A surge in crop prices in 2020 and 2021 spilled over into the fertilizer market, as growers used excess profits to plant additional acreage and spend more on crop nutrients. The strong momentum looks set to continue in 2022.
Nutrien is in a sweet spot in the potash industry. The company has excess capacity it can leverage at very low additional costs. In fact, the company raised potash production by one million tonnes in the second half of 2021 to meet strong demand. Nutrien still has an additional four million tonnes of capacity it can tap going forward.
Major competitors don’t have that flexibility. They are with battling with sanctions, flooded mines, or delayed expansion projects. The situation isn’t likely to change quickly. It takes several years to build a new potash mine and get it into commercial operation. Nutrien estimates the industry might need to add eight million metric tonnes of new potash supply to meet global demand by 2030 based on historical growth rates.

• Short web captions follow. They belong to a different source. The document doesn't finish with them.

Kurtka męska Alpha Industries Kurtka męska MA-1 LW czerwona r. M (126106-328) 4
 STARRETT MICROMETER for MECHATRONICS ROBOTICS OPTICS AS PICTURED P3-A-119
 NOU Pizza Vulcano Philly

Nutrien’s retail business has more than 2,000 outlets that sell seed and crop protection products to more than half-a-million farmers. The group has been on a buying spree, as the sector consolidates. Nutrien is also investing in digital solutions to boost revenue and leverage its existing relationship with global farmers. The agriculture sector is on the cusp of significant digital disruption and Nutrien is a leader in the segment.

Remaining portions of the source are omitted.